Surviving growth – 3 lessons from Sweden’s fastest growing sustainability consultancy


Posted
August 2017

This article has been written by Ruben Brunsveld, our Head of Culture & Leadership. You can also find it on LinkedIn 

In 2013, Enact was a company of about 8 passionate and dedicated people huddling together at the 4th floor of an office hotel at Odenplan in Stockholm.  Everyone knew, what everyone did. The lines of communication were short. Management, delivery and culture went hand in hand without too much guidance or consideration. Today we have a head count of 24 and besides our head office next to the Stockholm’s Central Station we have small offices in Shanghai, Amsterdam and Gothenburg.

So how do you triple in size in four years and still keep the passion of the original small team? How do you know how where to steer your company when the goal posts are continuously on the move? How do you survive growth and stay true to who you are?

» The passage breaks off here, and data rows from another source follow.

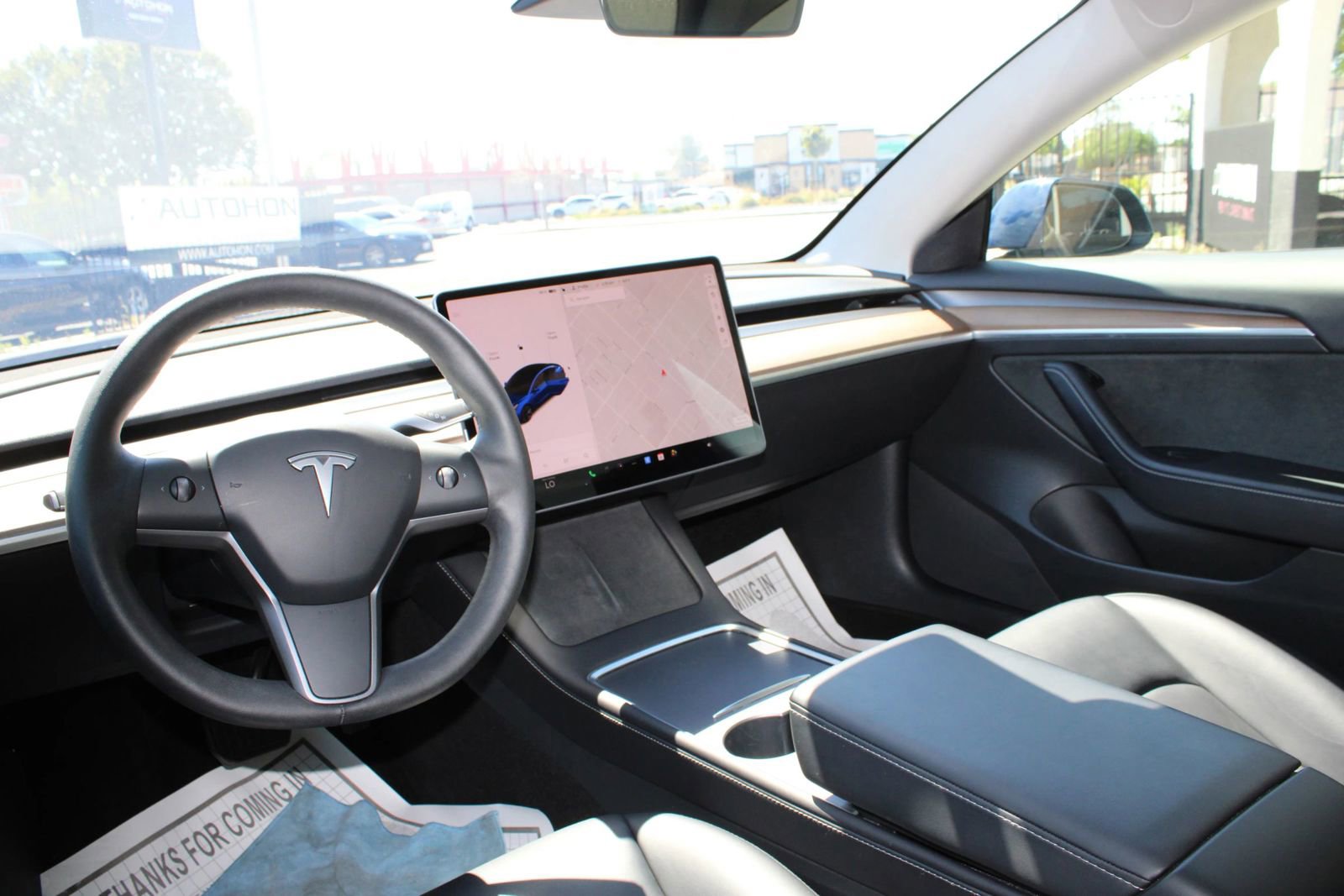 Used 2022 Tesla Model 3 Long Range image 14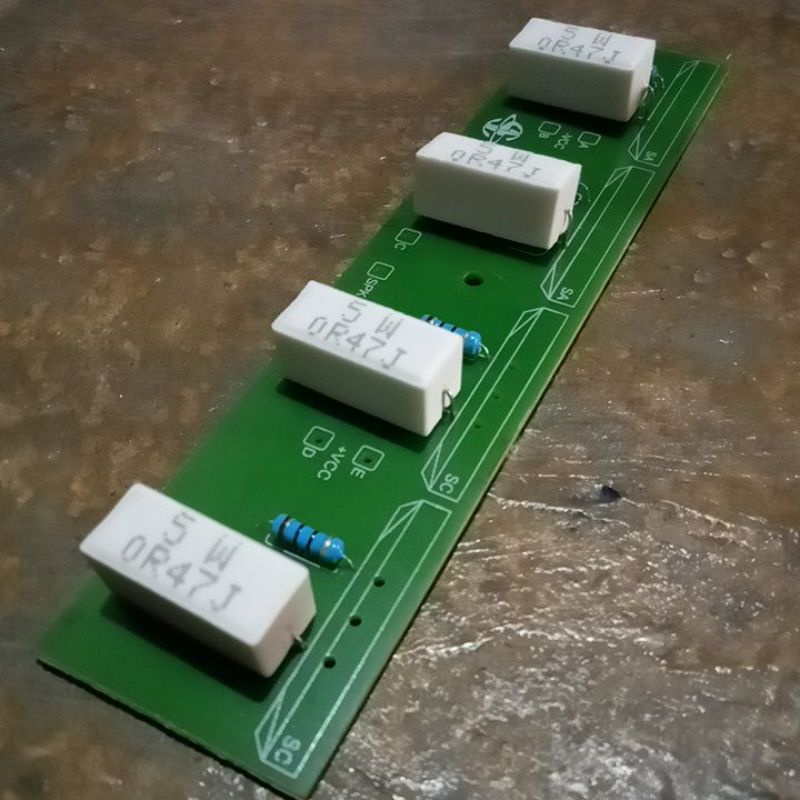 pcb final plus component 2 set TR final
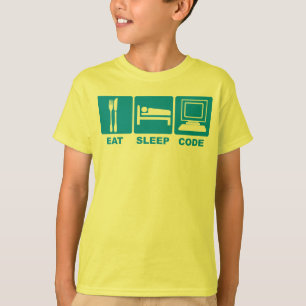 ESC Kinder T-shirt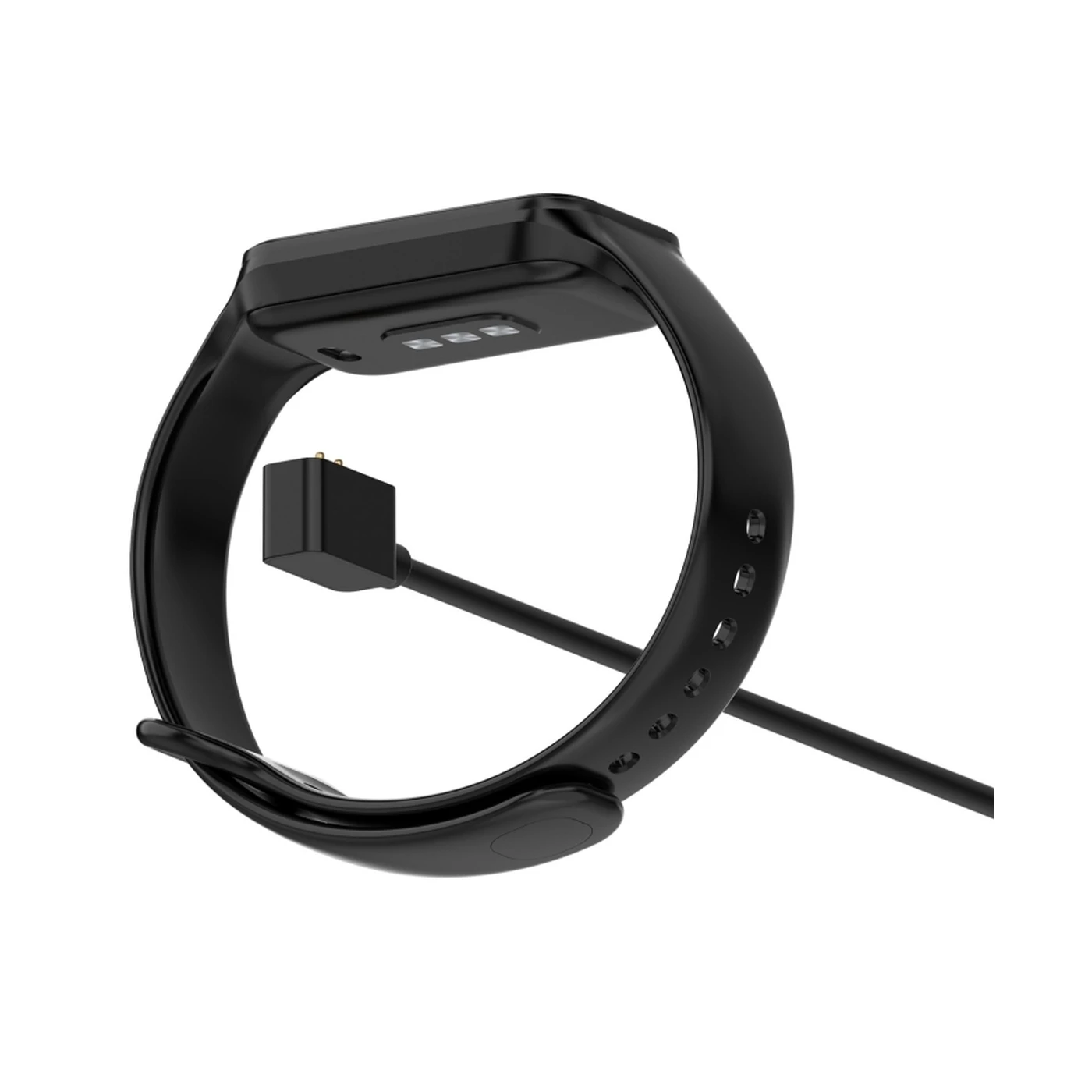 Μαύρο Καλώδιο Φόρτισης για xiaomi redmi watch 4/5 active/smart band 8/8 active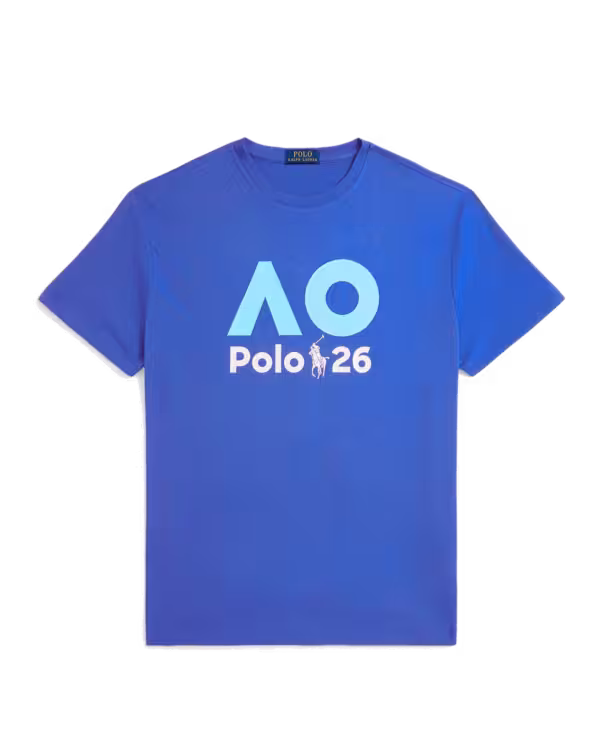 Australian Open Jersey Graphic T-Shirt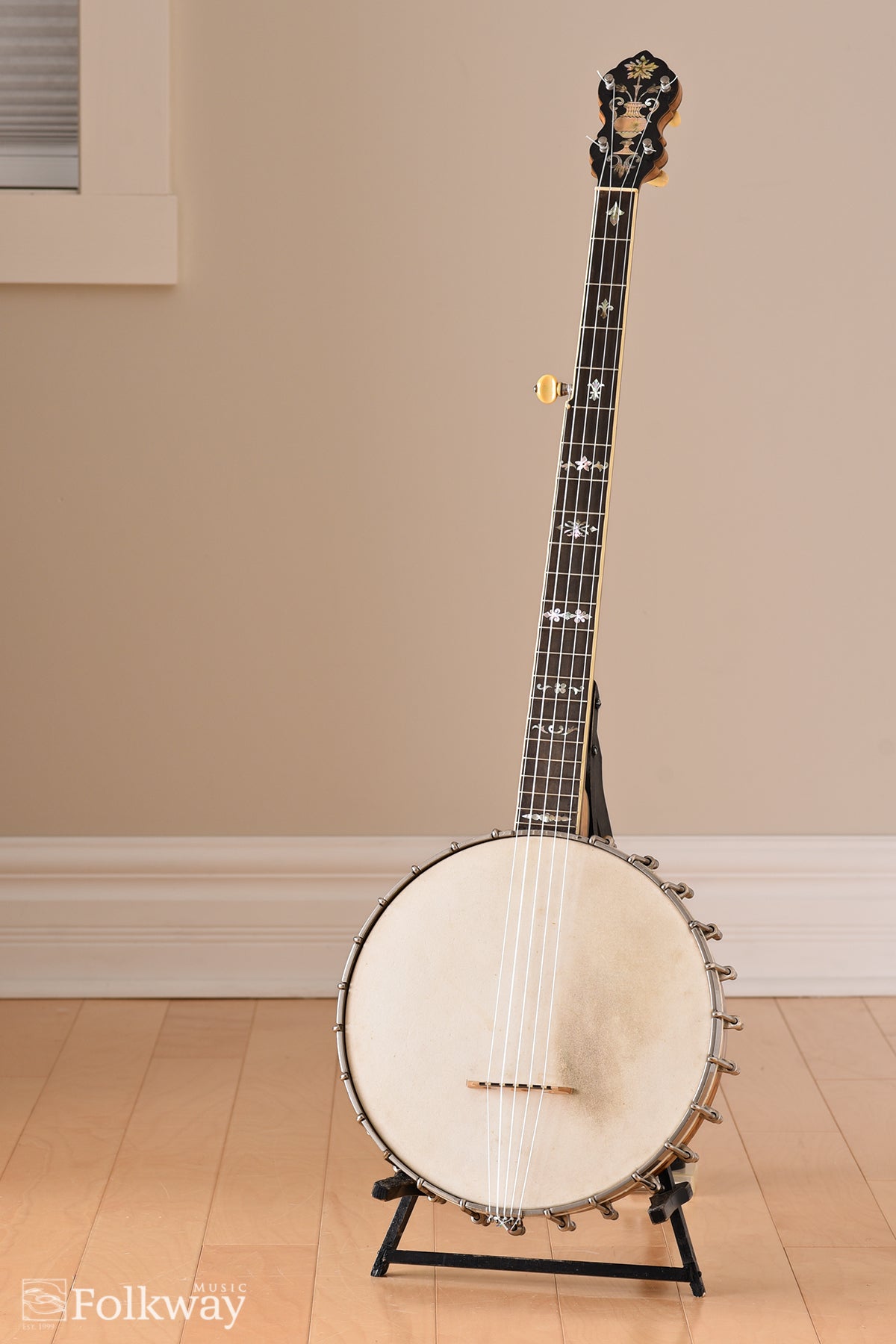 c.1910 Bacon Professional FF Special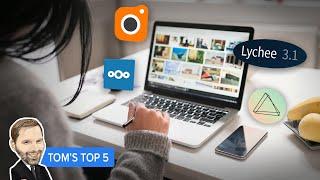 Top 5 Self-hosted Photo Storage Options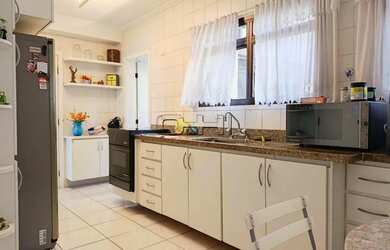 Imagem 10: Aluguel Apartamento 3 Dormitórios - 140 m² Perdizes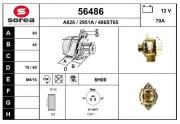 56486 Alternátor EAI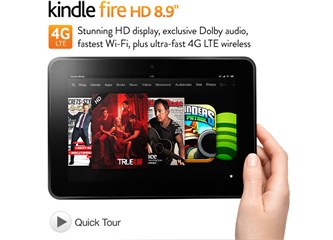 Yeni i Pad 3 ve Amazoon Kindle Fire Kapışması : Benim Tercihim Amazon Kindle Fire HD 8.9 4G Olurdu …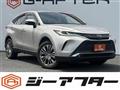 2021 Toyota Harrier Hybrid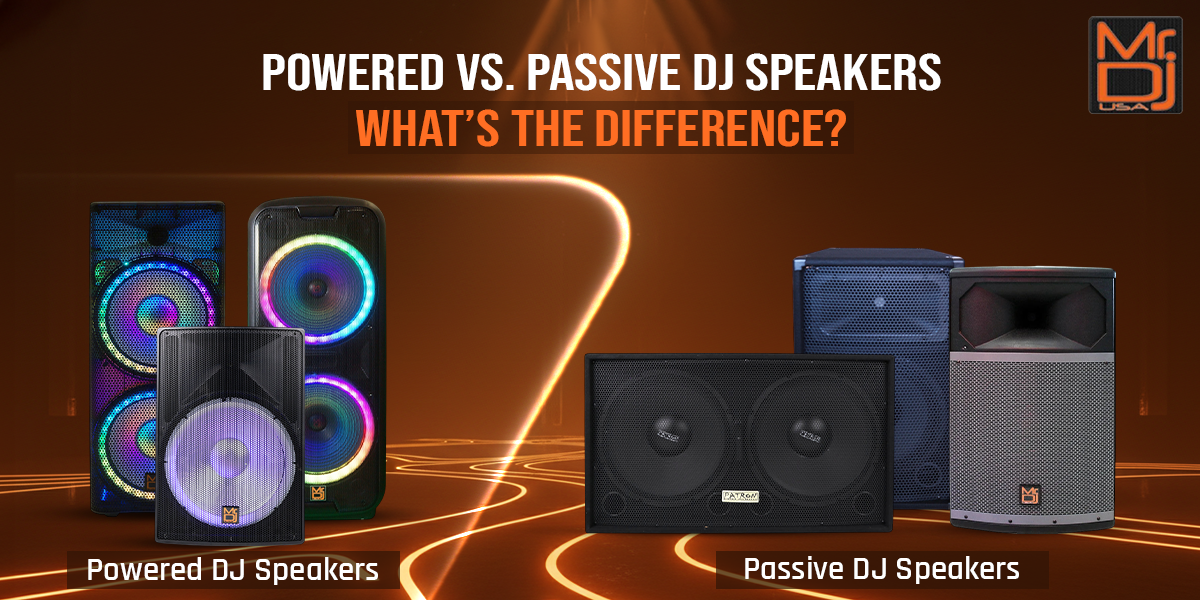 powered-vs-passive-dj-speakers-whats-the-difference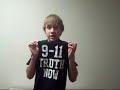 School Censors \"9/11 Truth Now\" Shirt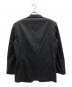 中古・古着 im MIYAKE DESIGN STUDIO (イッセイミヤケデザインスタジオ) ストライプスーツ ネイビー サイズ:5：8000円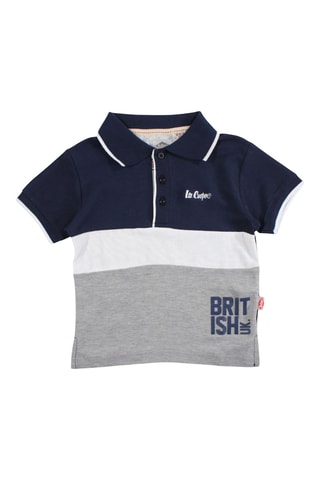 Camiseta - Lee Cooper - Azul marino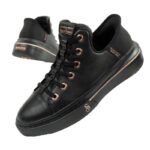Skechers SLIP-INS W 186001/BBK Shoes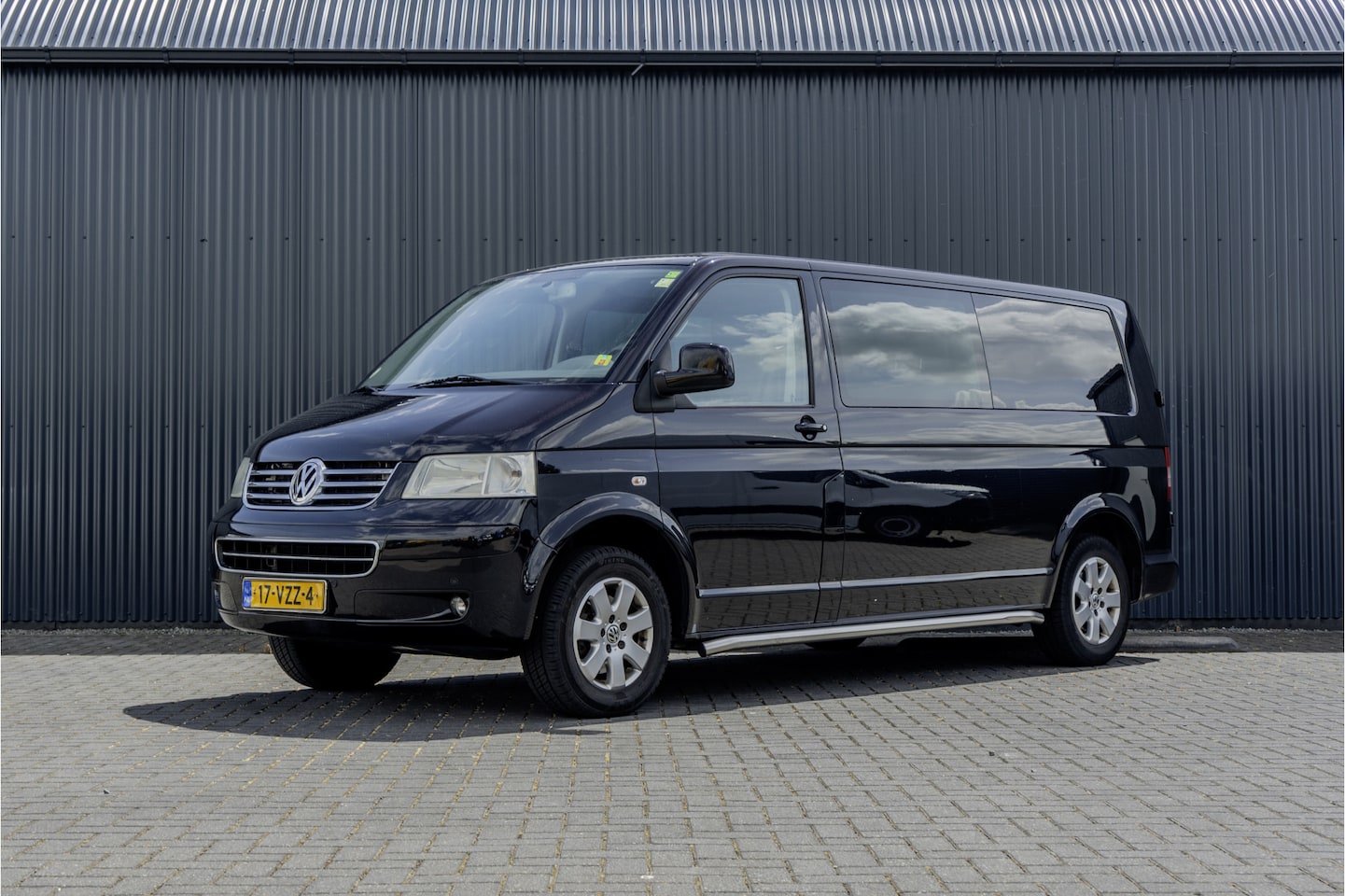 Volkswagen Transporter - 2.5 TDI | L2H1 | T Edition | 5-Zits | Motor probleem | CarPlay | Airco | Cruise | PDC - AutoWereld.nl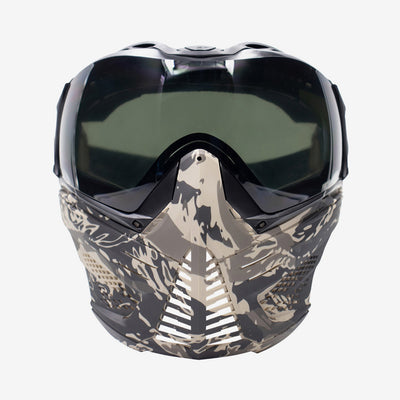 Push Unite Thermal Maske Desert/tan camo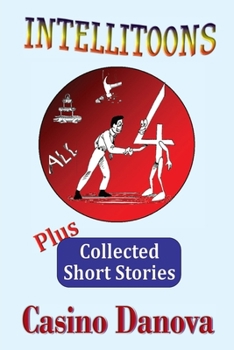 Paperback Intellitoons: Collected Short Stories Book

Here are three lessons from our journey that helped us to become the largest specialized sustainability consultancy in the Nordics.

1. Strategize dreams. 

Every five years we review our mid- and long-term strategy. It’s an inclusive process which allows all employees to come up with ideas and thoughts on where they want the company to go; what we should focus on and which clients we work with. As a group of eight, we dreamt of increasing our impact; of working with the world’s largest companies; of becoming an internationally recognized spearhead in the field of “Human Rights & Business”.

Sometimes it felt scary to dream so big. We knew that we had the knowledge and passion to make it come true. But could we really hold our own amongst the giants in the corporate world? Instead of sticking with what we knew was secure, we set out a realistic strategy to get to our dreams. We formulated the concept of “halo projects”: Projects and clients, so spectacular that although they seemed out of reach we would give it our all for them to become reality. We decided these “halo projects” would be worth investing extra time and energy in, because we knew they would strengthen our position and enhance our impact. “Halo projects” deserved their own separate strategy and approach.

Today we work inter alia with global leaders in the electronics market; develop and facilitate global trainings on responsible leadership and work with some of the most well-known brands in Sweden and beyond. Dare to dream, then build a strategy to get there.

2. Invest in governance and systems. 

One of the main challenges we faced was the necessity to (re)shape our internal structures. Management systems, licenses as well as our day-to-day management. Once you grow passed a certain number of people measurable data become the life line of your organization. Planning sheets, utilizations rates and projections of targets must become an integrated part of the organization and of the daily work processes of each member of the staff.

As we grew, the expectation from our stakeholders grew alongside us. We had to make sure we had all necessary certifications and procedures in place to show that we were now up to new and bigger tasks.

Choosing strategically where to put our efforts, we made sure to be certified in ISO 9001 (quality management standard) and ISO 14001 (environmental management standard); became an integrated reporting training partner as well as a certified trainer for the Global Reporting Initiative (GRI) in the Nordics.

3. Make culture an integrated part of your processes and systems

Growing rapidly, we saw a shift in focus. New people came in with new energy and new ideas. The new emphasis on structures and processes (which was needed) also brought with it a change in communication and culture.

So how do you stay true to what you really are?

First you have to know your values. Not only the ones that define who you are but the ones that define who you want to be. At Enact we have five aspirational values that guide the way we work and interact within our team, with our clients and with our suppliers: People, Passion, Pioneering, Professionalism and Value. These values apply to ourselves, our clients and the society as a whole.

As the company grew the necessity to pay due attention to our culture became greater, but with a growing amount of deliveries and more attention for sales the practical time dedicated for it came under pressure.

So how do you make sure your values are not only words on a website, but that they are vibrant and tangible parts of your organization. That they are both believed and practiced?

To ensure that our culture of passion and cooperation wouldn’t drown in the daily pressure of delivery we had to make “culture” part of our processes and management structures. We anchored the culture discussion firmly in our processes by ensuring that every time staff members form a new project team, they must pay attention to the individuals in the team and to the way the team will operate from a communication and culture perspective. Start up and feedback exercises are part of our standard operating procedures so we make sure we make the time to talk. We also created a dedicated position to guard the company culture and to make it come alive.

In times of high pressure and lots of delivery, talking to each other and truly seeing each other’s needs are often seen as “soft” issues and drowned out by the need to satisfy the client and to maintain hard delivery deadlines.

But if you have a long-term strategy you must make sure “culture” is an integrated part of your processes. Otherwise you’ll wake up one day and realize that on the way to the top, the wheels have come off the bus. That you are no longer true to the aspirational values you had. That is also the moment, your clients realize you have lost your authenticity and thus credibility. That is the moment losing your culture impacts the bottom line. So guard your culture as you guard your sales, quality management and other primary processes.

Culture is no soft issue, it is who you are.